Muresko

Universelle Siliconharz-Fassadenfarbe auf SilaCryl®-Basis mit mineralischem Charakter, speziell für die rationelle Fassadenbeschichtung im Nespri-TEC-Spritzverfahren.
  • Verwendungszweck

    Universelle Siliconharz-Fassadenbeschichtung auf glatten und strukturierten Untergründen, die im speziellen Nespri-TEC-Spritzverfahren nebelfrei zu verarbeiten ist.
    Die SilaCryl®-Basis ermöglicht bauphysika­lische Werte wie sehr guten Feuchte­schutz bei hoher Wasserdampf- und ausreichendem CO2-Durchgang. Die SilaCryl®-Basis gewährleistet darüber hinaus die gleiche Farbtonvielfalt, Wetterbeständigkeit, Kreidungsstabilität und Haft­vermögen wie hochwertige Reinacrylat­farben.

    Eigenschaften

    • wasserverdünnbar, umweltschonend und geruchsarm
    • wetterbeständig
    • hoch wasserabweisend
    • filmkonserviert geschützt vor Algen- und Pilzbefall
    • alkaliresistent, daher unverseifbar
    • leicht zu verarbeiten

    Materialbasis

    Siliconharz-Reinacrylatdispersion

    Verpackung/Gebindegrößen

    • Standardware:
      25 l Hobbock
    • ColorExpress:
      12.5l

    Farbtöne

    Weiss

    Werkstönung auf Anfrage.

    Um evtl. Abtön­fehler zu erkennen, bitte vor Verarbeitung auf Farbtonexaktheit über­prüfen. Auf zusammenhängenden Flächen nur Farbtöne einer Anfertigung (Charge) ver­wenden. Muresko Nespri-TEC ist im ColorExpress-System maschinell nach allen gängigen Farbton­kol­lektionen abtönbar. Brillante, intensive Farbtöne weisen unter Umständen ein geringeres Deckvermögen auf. Es empfiehlt sich deshalb bei diesen Farbtönen einen vergleichbaren, deckenden, auf Weiss basierenden, pastelligen Farbton vorzustreichen. Evtl. kann ein zweiter Deck­anstrich erforderlich werden.

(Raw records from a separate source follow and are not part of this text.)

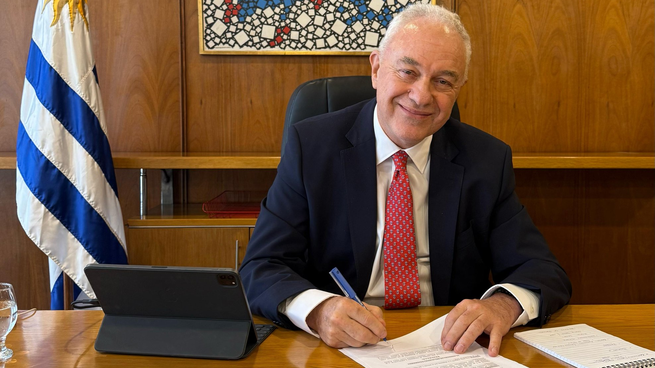 El canciller Mario Lubetkin descartó un brexit de Argentina en el Mercosur.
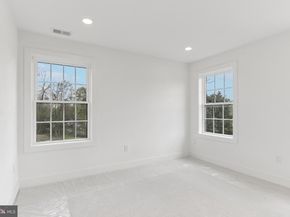 2627 County Line Rd, Chalfont PA 18914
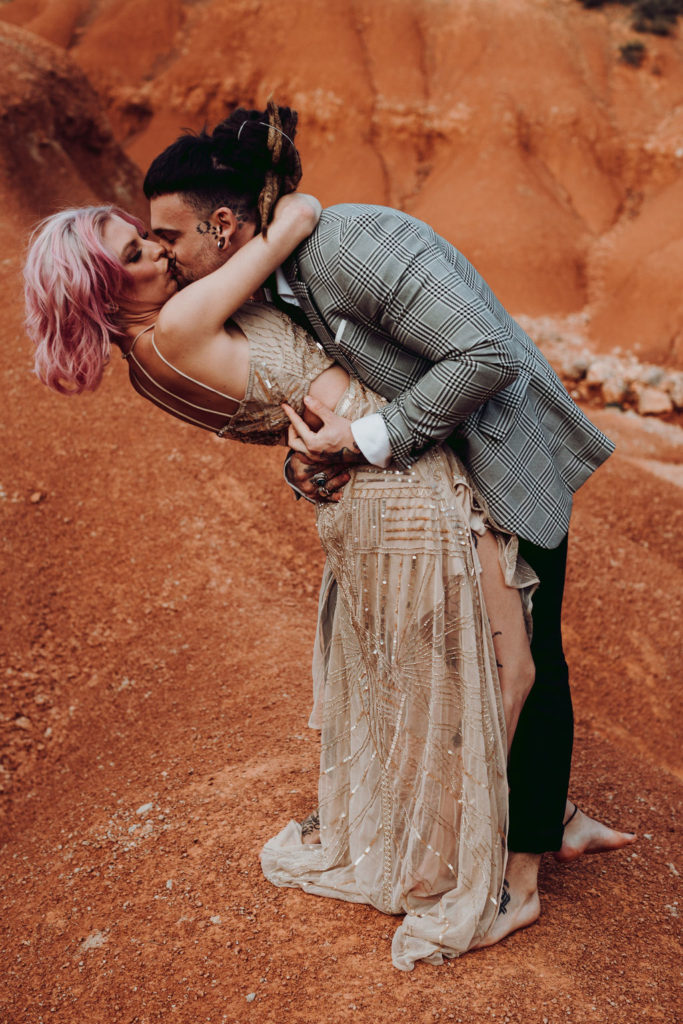 elopement-mariage-sauvage-rock-lasoeurdelamariee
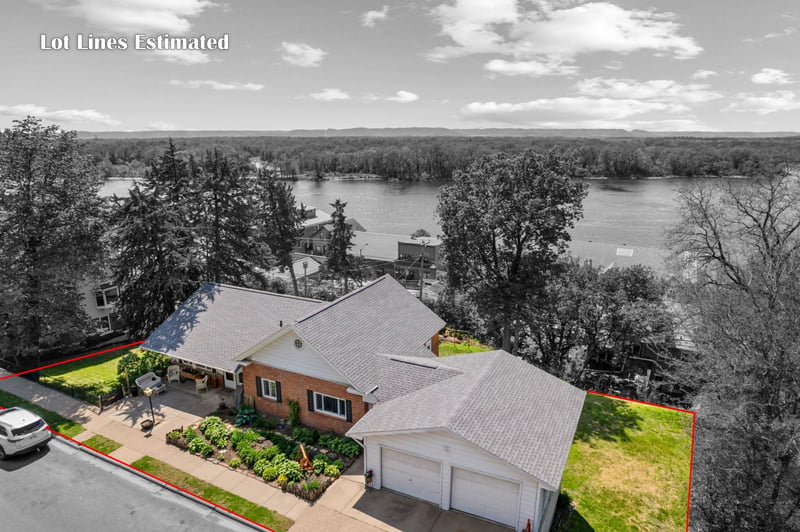 304 S 2nd St, Alma, WI 54610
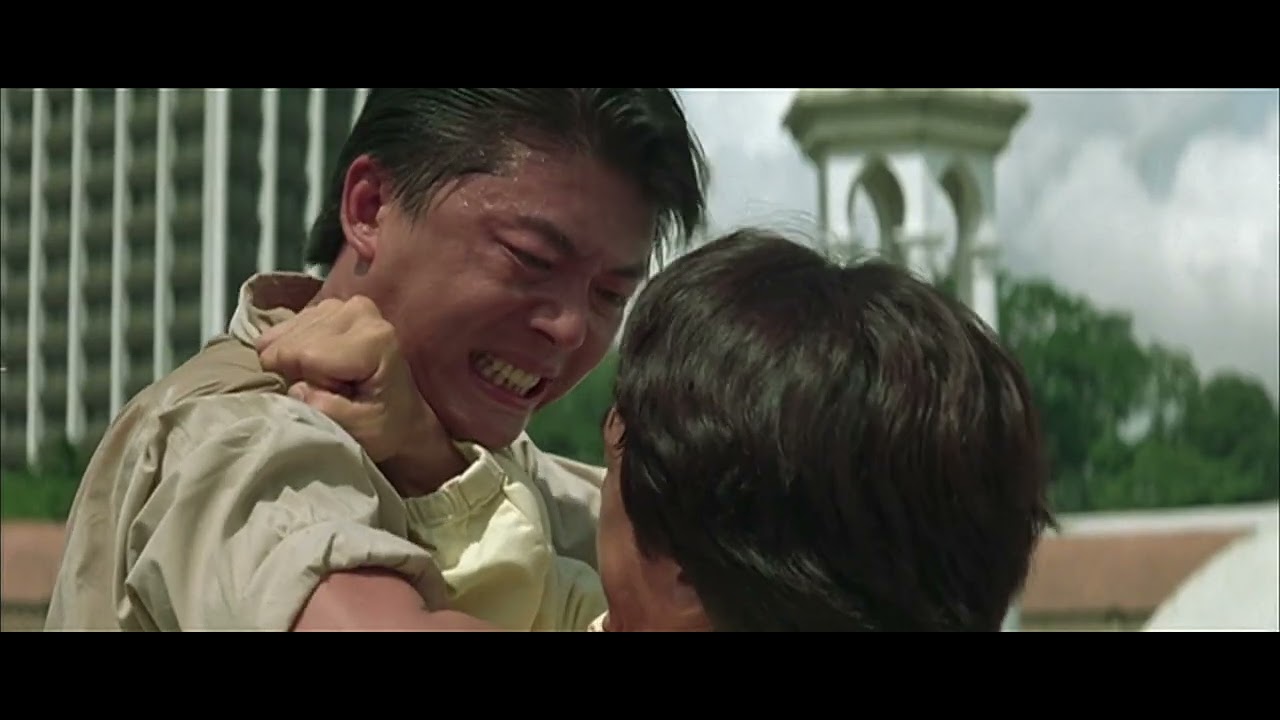 Unbelievable Jackie Chan Stunts! | Police Story 3: Super Cop (1992) | Action Clip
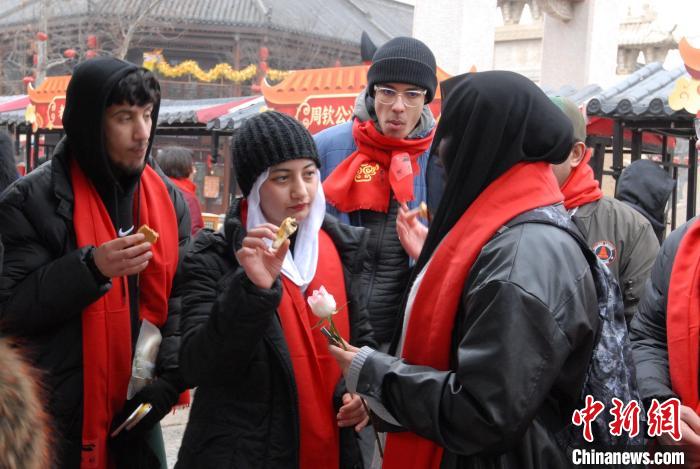 bestc娛樂:外國友人贊歎山東非遺技藝 感受鄕村文化獨特魅力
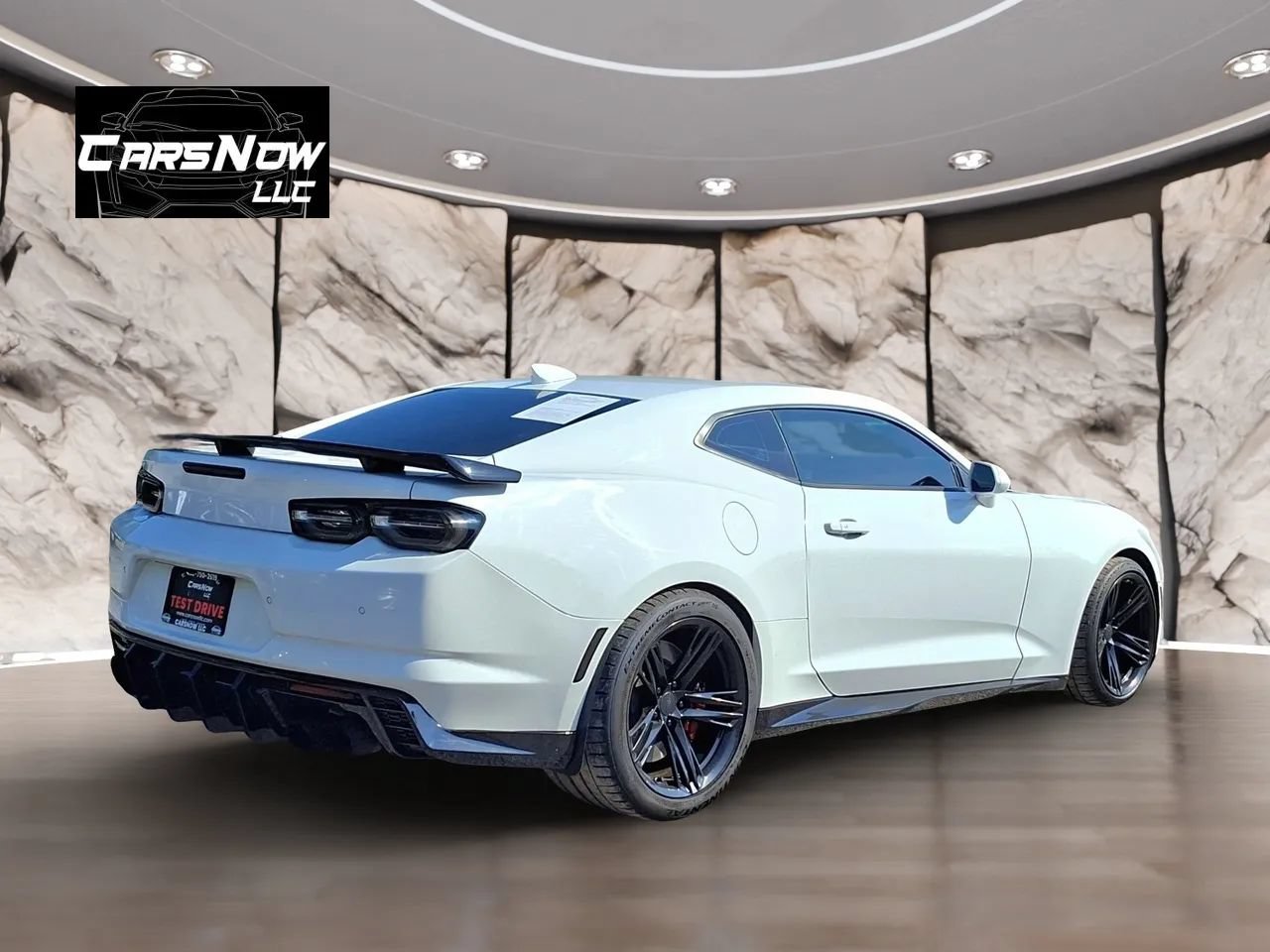 Used 2019 Chevrolet Camaro ZL1 RWD image 6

    Farbtonbeständigkeit gemäß BFS-Merkblatt Nr. 26:

    Klasse: B
    Gruppe: 1–3, je nach Farbton

    Glanzgrad

    Matt G3

    Lagerung

    Kühl, aber frostfrei.

    Technische Daten

    Kenndaten nach SN EN 1062:

    Maximale Korngröße

    < 100 µm S1

    Dichte

    ca. 1,5 g/cm3

    Trockenschichtdicke

    100–200 µm E3

    Wasserdurch­lässig­keit (w-Wert)

    ≤ 0,1 [kg/(m2 · h0,5)] (niedrig) W3

    Wasserdampf­durch­lässig­keit (sd-Wert)

    < 0,14 m (hoch) V1
    Durch Abtönung sind Abweichungen bei den technischen Kenndaten möglich.

    Geeignete Untergründe

    Die Untergründe müssen frei von Verschmutzungen, trennenden Substanzen und trocken sein.
    Die entsprechenden SIA-Normen und GTK-Märkblätter sind zu beachten.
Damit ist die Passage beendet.